## PROBLEM STATEMENT
If pictures appear in the lines below, skip them and copy exactly the lines from the one containing "minimalism tweet media" through the one containing "Hanoverian Mare Foal", and nothing else.

## INPUT RECORDS
<<<<
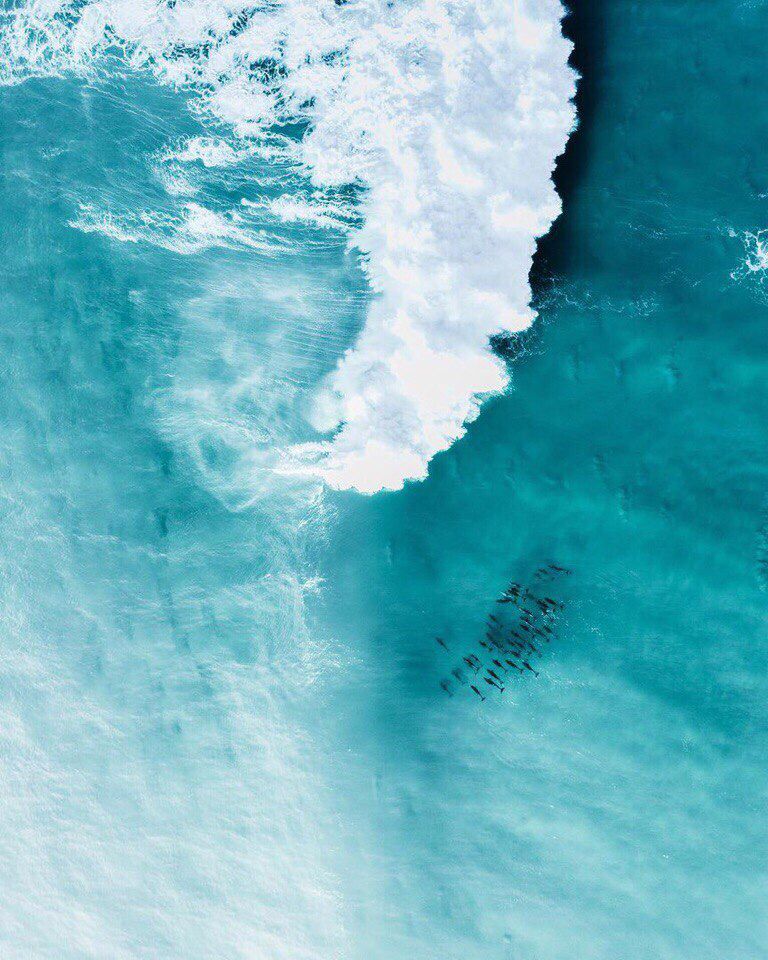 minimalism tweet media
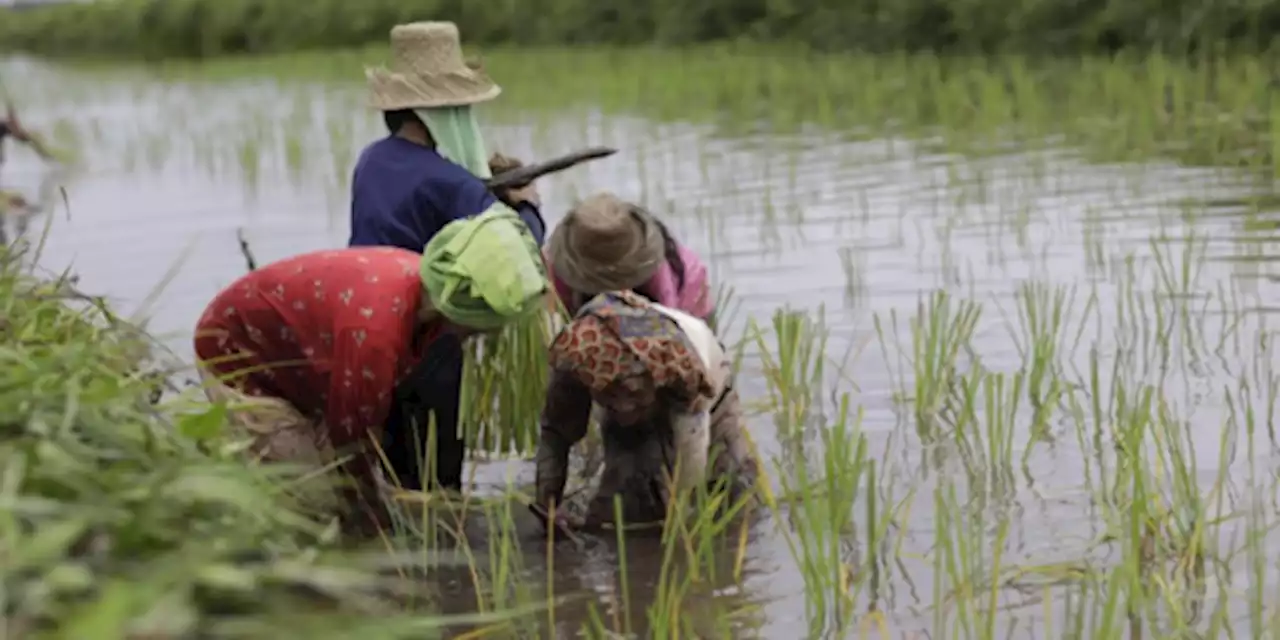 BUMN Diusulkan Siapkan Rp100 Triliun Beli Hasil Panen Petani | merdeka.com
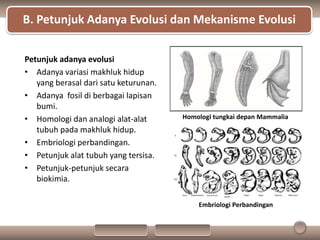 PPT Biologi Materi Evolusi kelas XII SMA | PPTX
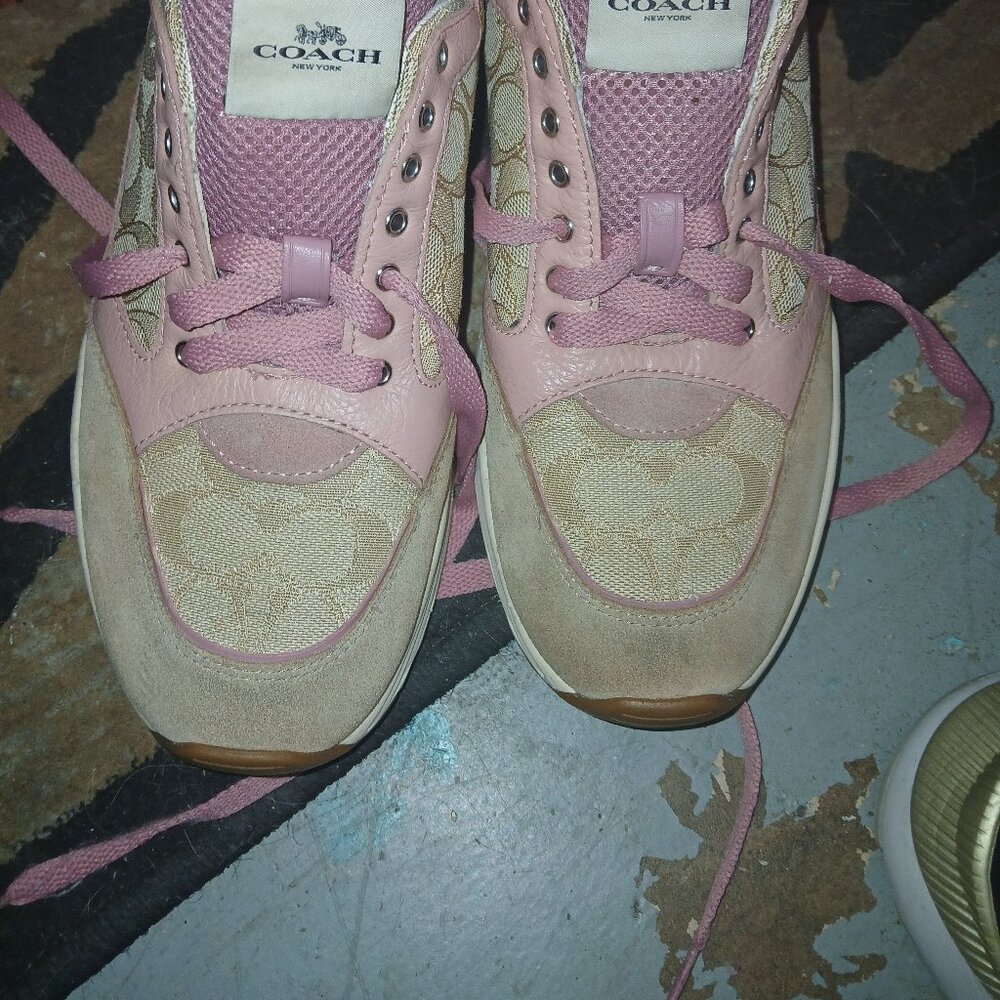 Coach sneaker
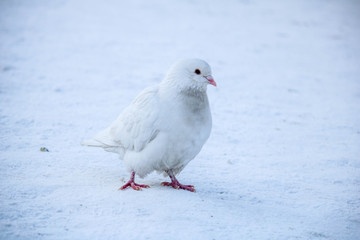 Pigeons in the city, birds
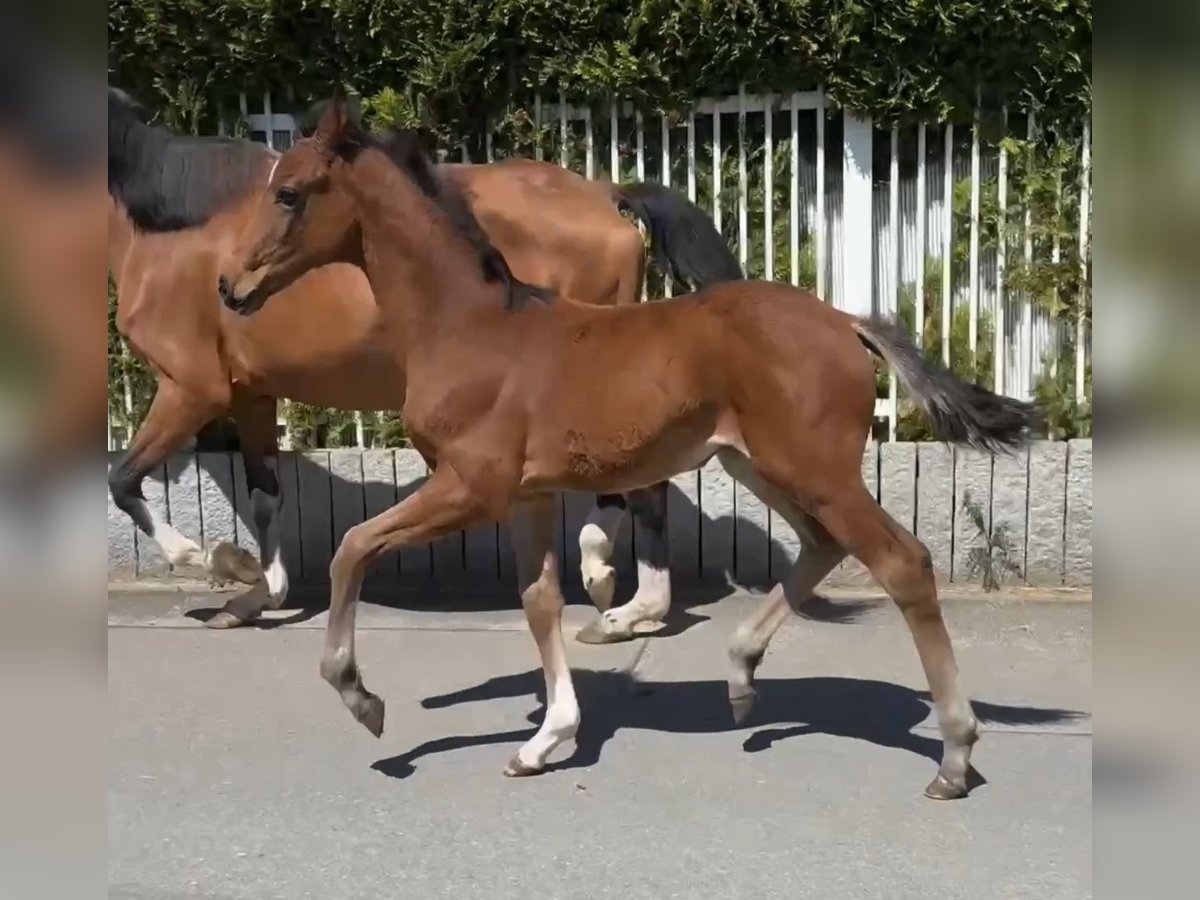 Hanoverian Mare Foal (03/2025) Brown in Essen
>>>>
<<<<
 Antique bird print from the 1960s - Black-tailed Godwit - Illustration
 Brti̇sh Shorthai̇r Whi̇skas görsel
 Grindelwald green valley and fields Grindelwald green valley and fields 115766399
>>>>
<<<<
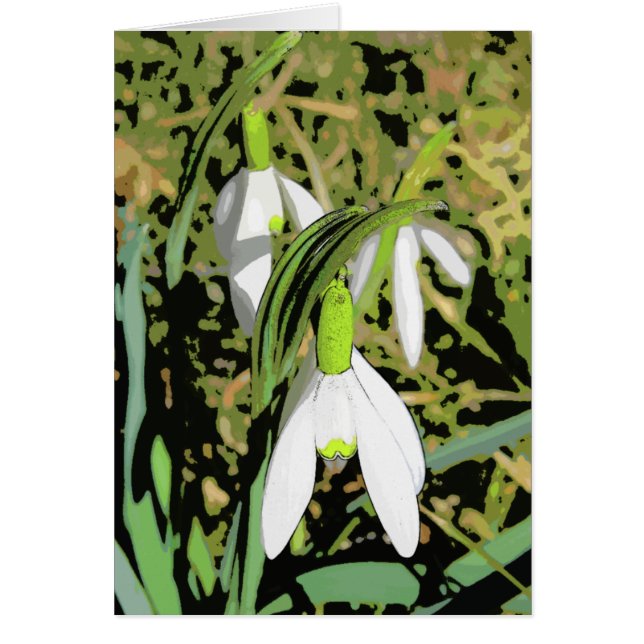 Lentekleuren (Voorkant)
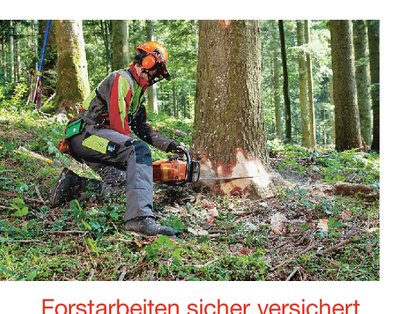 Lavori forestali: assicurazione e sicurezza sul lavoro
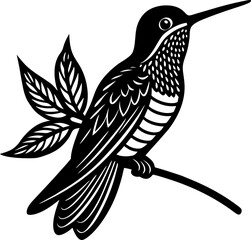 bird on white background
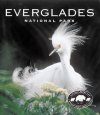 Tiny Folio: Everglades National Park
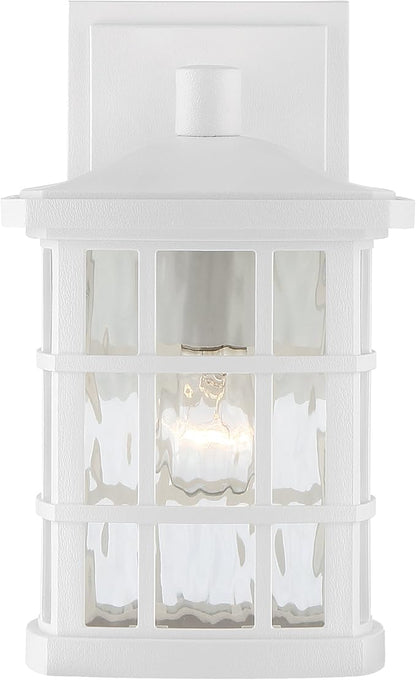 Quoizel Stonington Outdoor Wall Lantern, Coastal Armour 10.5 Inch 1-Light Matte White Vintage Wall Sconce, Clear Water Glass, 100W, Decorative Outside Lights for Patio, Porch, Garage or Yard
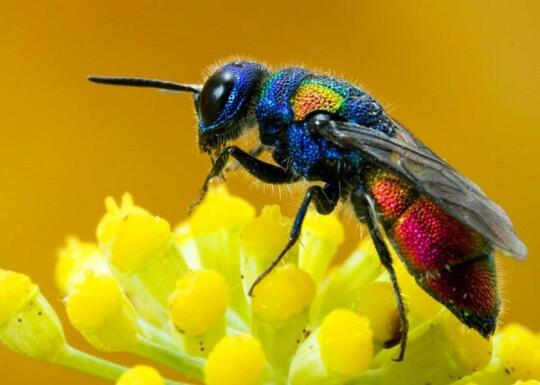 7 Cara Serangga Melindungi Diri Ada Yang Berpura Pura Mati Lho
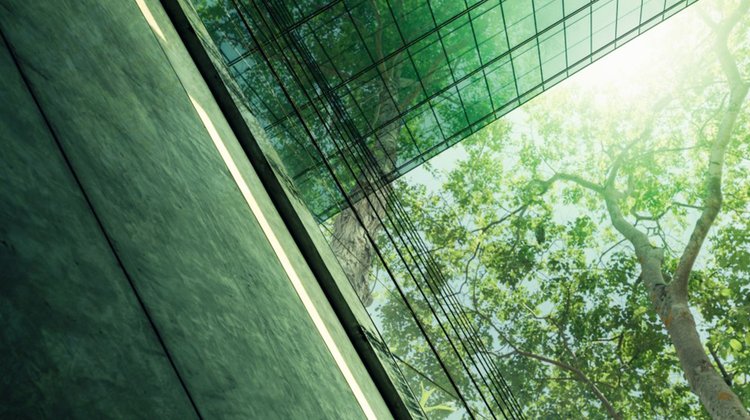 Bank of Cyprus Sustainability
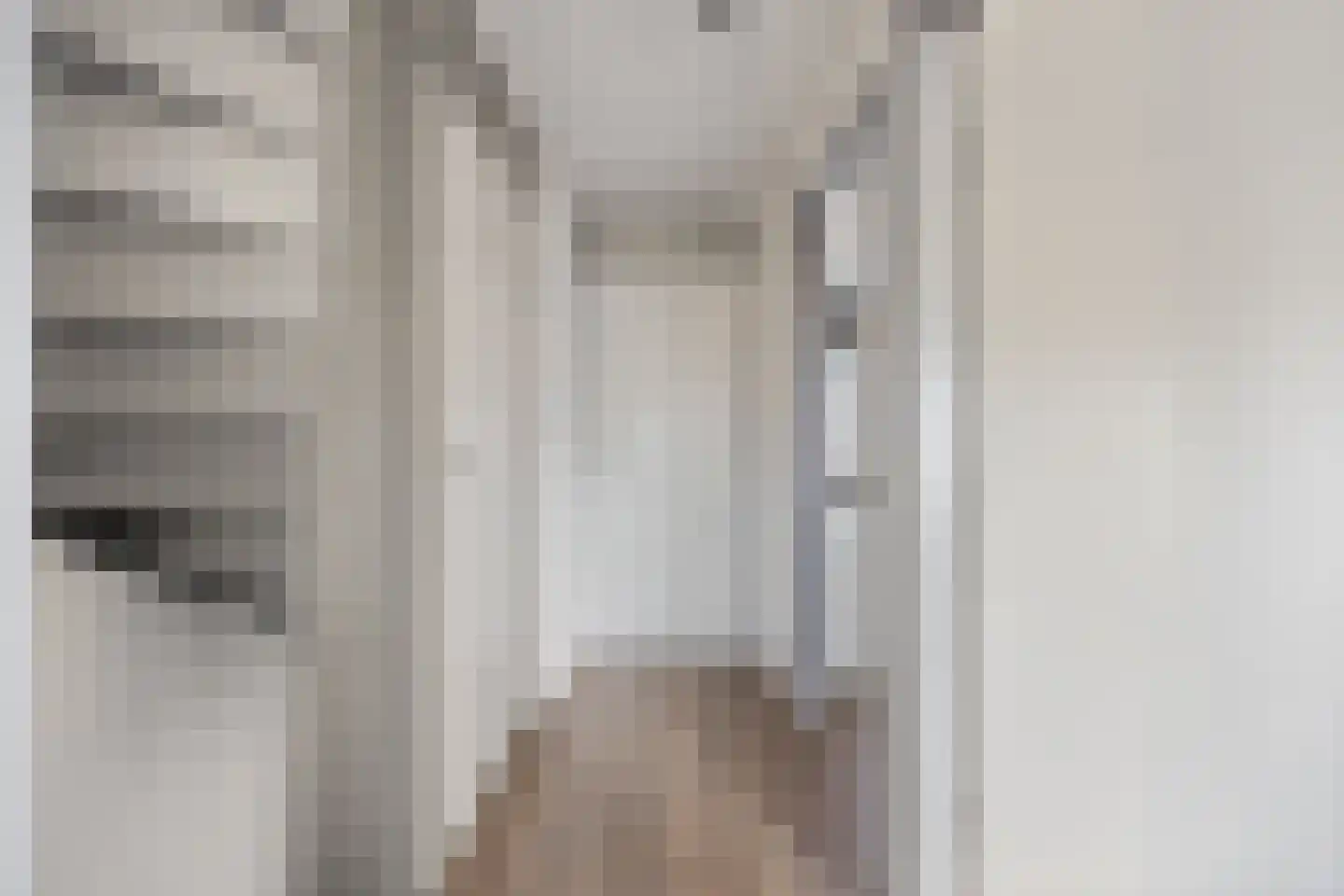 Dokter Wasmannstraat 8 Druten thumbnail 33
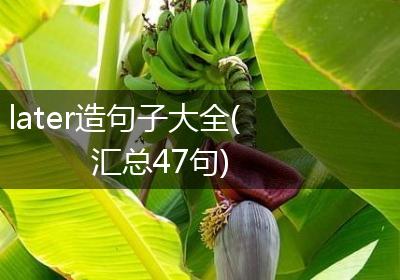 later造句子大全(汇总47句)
>>>>
## RESULT OF THIS TASK
 minimalism tweet media
 BUMN Diusulkan Siapkan Rp100 Triliun Beli Hasil Panen Petani | merdeka.com
 PPT Biologi Materi Evolusi kelas XII SMA | PPTX
 Coach sneaker
 Pigeons in the city, birds
 Hanoverian Mare Foal (03/2025) Brown in Essen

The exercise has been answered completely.